Unique Seminar Aims to Inspire Creativity in Native Entrepreneurs
Unique Seminar Aims to Inspire Creativity in Native Entrepreneurs
Alberta-grown business program has high success rate

EDMONTON—Helping aspiring aboriginal entrepreneurs be creative in their business endeavours is the aim of an unconventional seminar taking place on a reserve in Alberta this week.

Led by educator and art critic Norman Cornett, the seminar is part of a broader program, Change it Up, which helps the residents of Maskwacis, formerly known as Hobbema, establish their own businesses. 

“Creativity and hard work go hand in hand,” says Cornett, the subject of a National Film Board documentary by Alanis Obomsawin, one of Canada’s foremost aboriginal filmmakers.

“The key here is how do [the students] make their business unique in such a way that it attracts customers and keeps customers, and how can they articulate what it is that they have to offer, how they can get it into the public domain.”

During the intensive seminar running May 26-30, Cornett will use his “dialogic” method, an unorthodox way of teaching that has piqued international interest.

The method involves exposing students to different multimedia material including music and art, then having the students write, under a pseudonym, in a stream-of-consciousness manner everything that comes to mind.

On the last day of the seminar, aboriginal author Anna Marie Sewell, the creator of the material, will join the class for a dialogic session.

“It’s all based on dialogue, and that’s a natural fit with the native peoples, because their culture is very much dialogic,” says Cornett, who taught the same class in the community last year. 

Sewell is Edmonton’s former poet-laureate, and Cornett says using work from a native poet enables him to find more common ground with the students.

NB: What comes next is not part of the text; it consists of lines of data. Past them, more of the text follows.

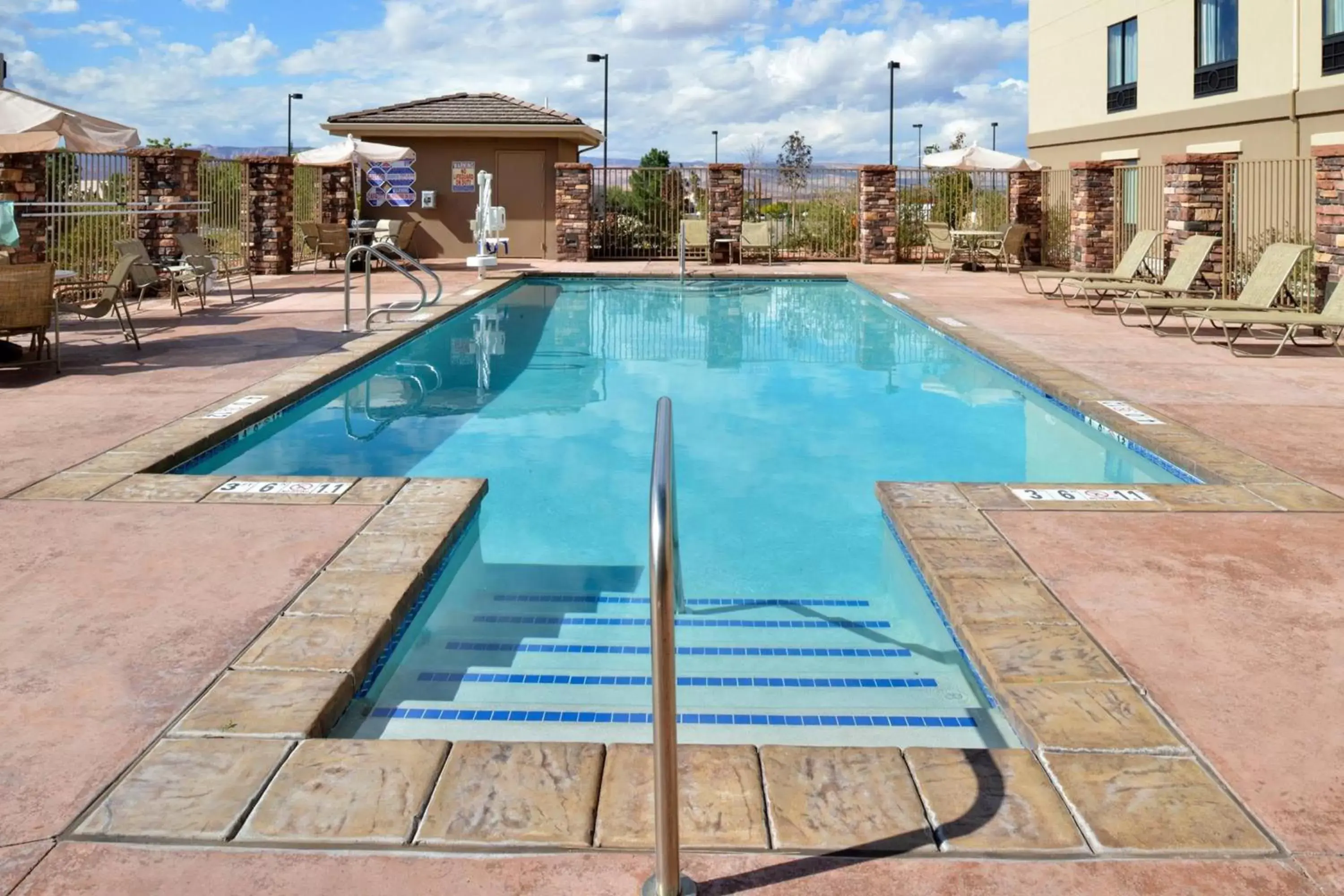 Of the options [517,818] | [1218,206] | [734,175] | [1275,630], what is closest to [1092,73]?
[734,175]

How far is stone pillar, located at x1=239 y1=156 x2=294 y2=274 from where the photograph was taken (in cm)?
1903

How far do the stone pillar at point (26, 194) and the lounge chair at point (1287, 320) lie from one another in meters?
11.2

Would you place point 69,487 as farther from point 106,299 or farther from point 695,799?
point 106,299

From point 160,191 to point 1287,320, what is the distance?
536 inches

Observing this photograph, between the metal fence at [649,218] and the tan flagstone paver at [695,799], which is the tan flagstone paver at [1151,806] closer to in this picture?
the tan flagstone paver at [695,799]

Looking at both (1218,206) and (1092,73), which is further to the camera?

“We will build bridges, and from [Sewell’s] lived experience and her own literary imagination we’re going to look at principles of creativity.”

That idea sits well with Sewell, who says she is against the notion that poetry is something removed from everyday life and elitist. 

“I like it when poetry is relevant to people who aren’t necessarily in the literary art themselves, because that to me is more human, it’s more real. We all have a song we want to sing,” she says. 

“I’m very excited to see my work approached by people in a supposedly non-artistic field because I think that truly you need to apply your creative self in whatever endeavour you do in life and I think that creativity is a very practical way to approach business.”

‘Learning by doing’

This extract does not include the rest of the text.